**Directions:**
For this listing, reproduce the line with "construimos #ElNuevoEcuador! https://t.co/MJAfOHXyuh", the line with "52 Dover Ridge Court SE", and the lines between, exactly as they stand. Leave out pictures and all other lines.

**Provided records:**

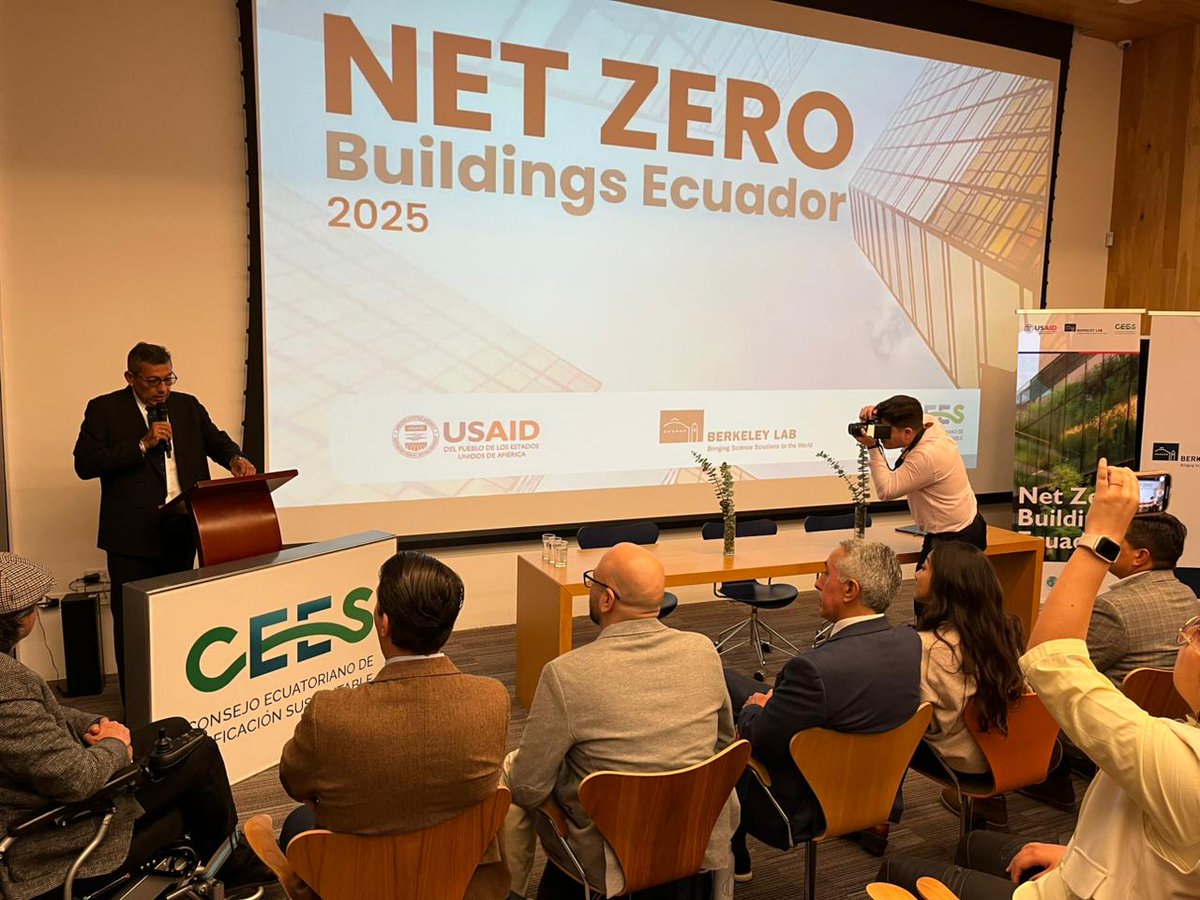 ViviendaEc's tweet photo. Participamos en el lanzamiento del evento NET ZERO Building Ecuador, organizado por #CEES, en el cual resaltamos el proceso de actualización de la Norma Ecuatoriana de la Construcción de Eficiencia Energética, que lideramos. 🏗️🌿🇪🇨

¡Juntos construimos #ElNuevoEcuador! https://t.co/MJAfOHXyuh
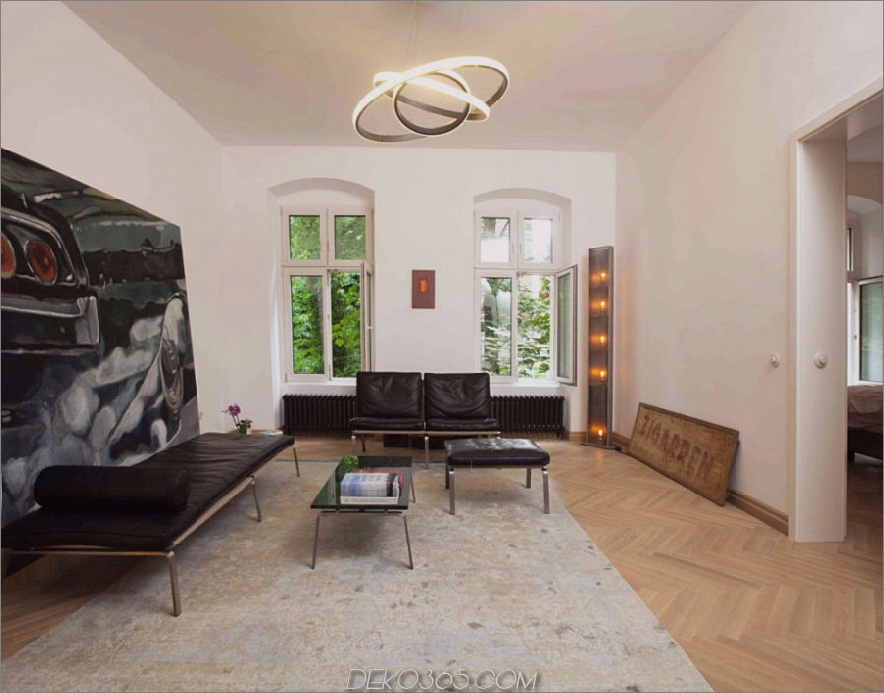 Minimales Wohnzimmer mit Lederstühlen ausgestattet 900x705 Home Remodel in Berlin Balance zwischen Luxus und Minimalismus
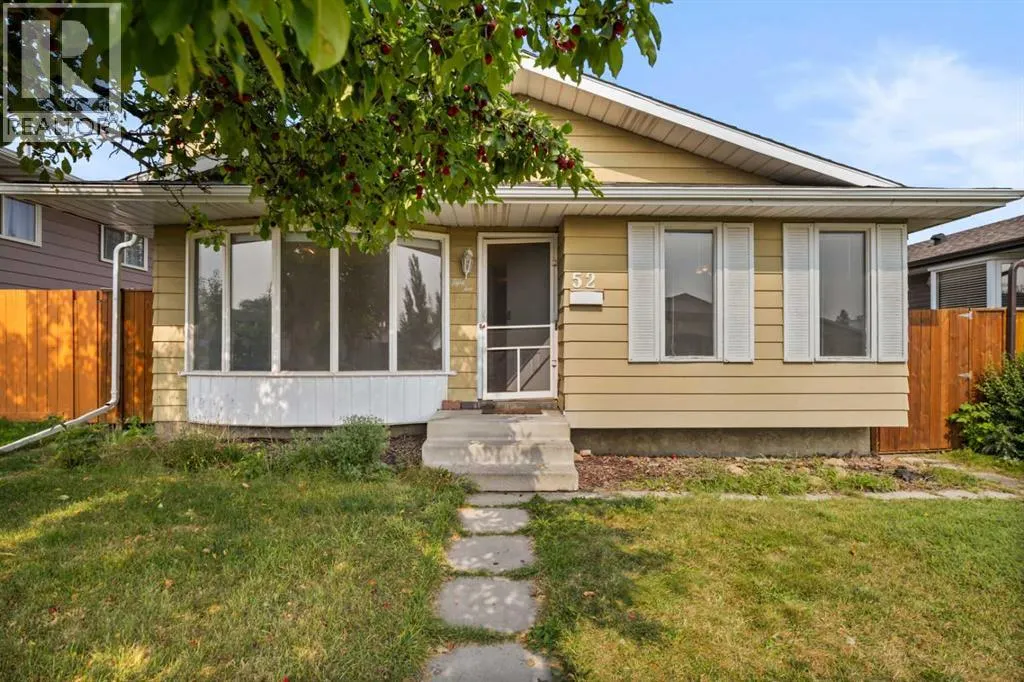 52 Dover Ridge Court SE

==

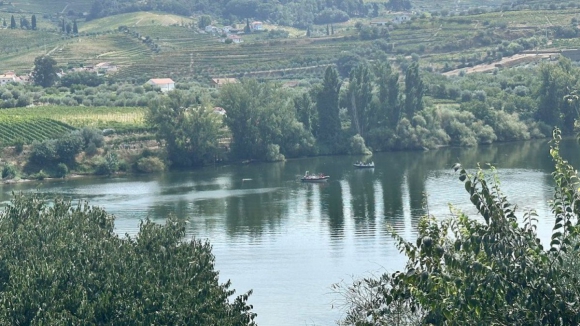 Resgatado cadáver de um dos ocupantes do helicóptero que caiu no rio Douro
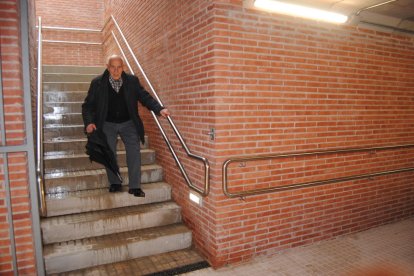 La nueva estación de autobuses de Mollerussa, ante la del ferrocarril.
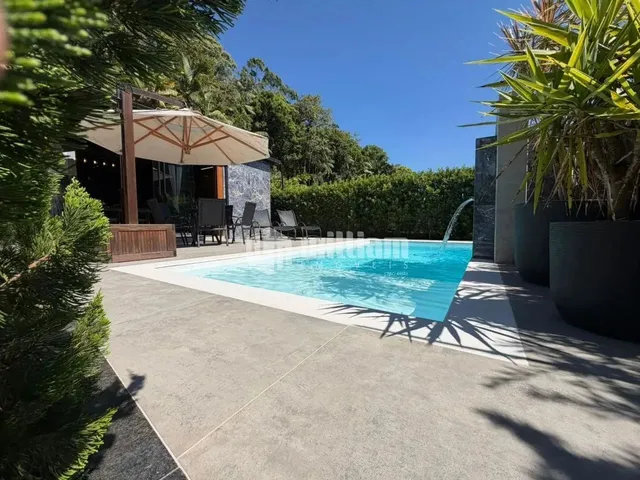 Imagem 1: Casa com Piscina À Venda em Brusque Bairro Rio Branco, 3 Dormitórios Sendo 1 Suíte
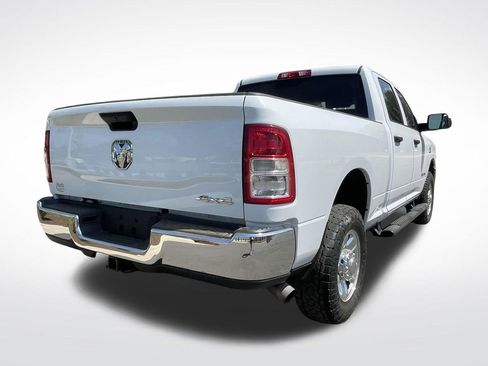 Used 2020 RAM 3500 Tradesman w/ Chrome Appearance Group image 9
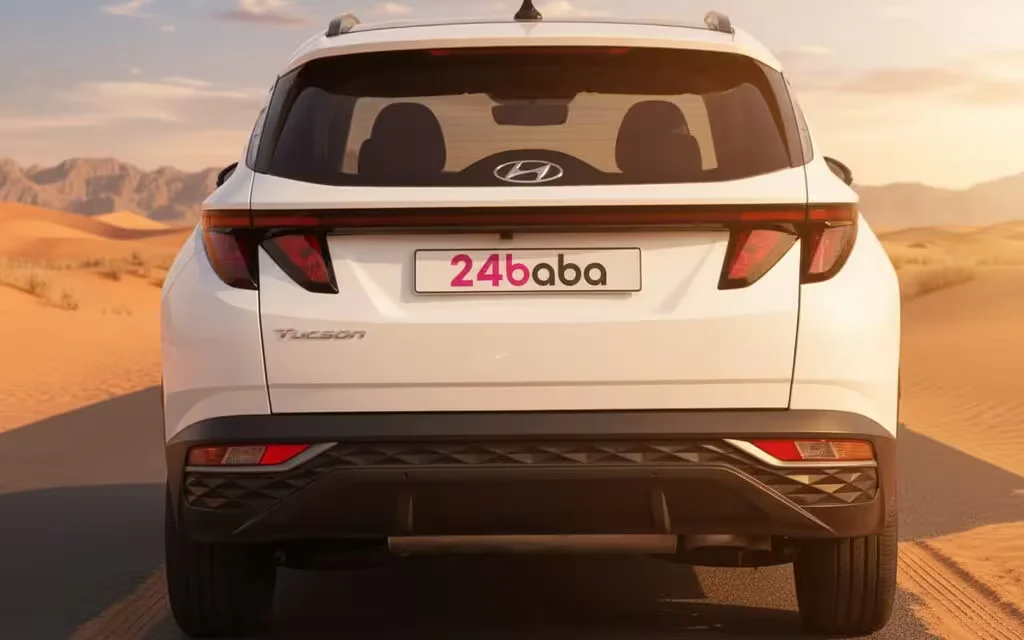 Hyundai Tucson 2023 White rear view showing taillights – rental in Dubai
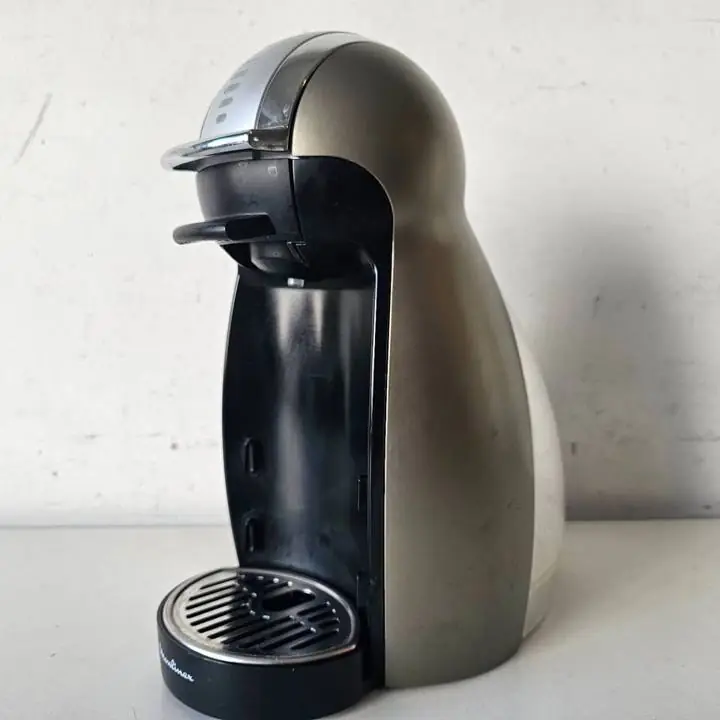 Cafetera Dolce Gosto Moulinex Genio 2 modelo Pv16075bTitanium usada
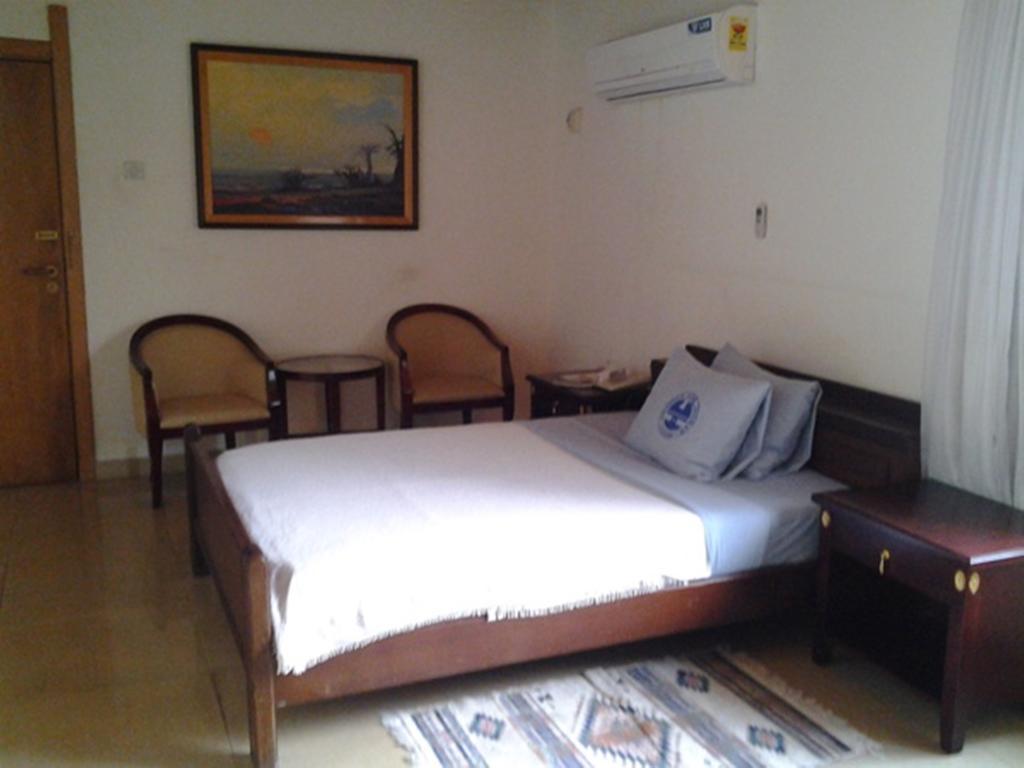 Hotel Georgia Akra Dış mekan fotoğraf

**Response to this exercise:**
¡Juntos construimos #ElNuevoEcuador! https://t.co/MJAfOHXyuh
 Minimales Wohnzimmer mit Lederstühlen ausgestattet 900x705 Home Remodel in Berlin Balance zwischen Luxus und Minimalismus
 52 Dover Ridge Court SE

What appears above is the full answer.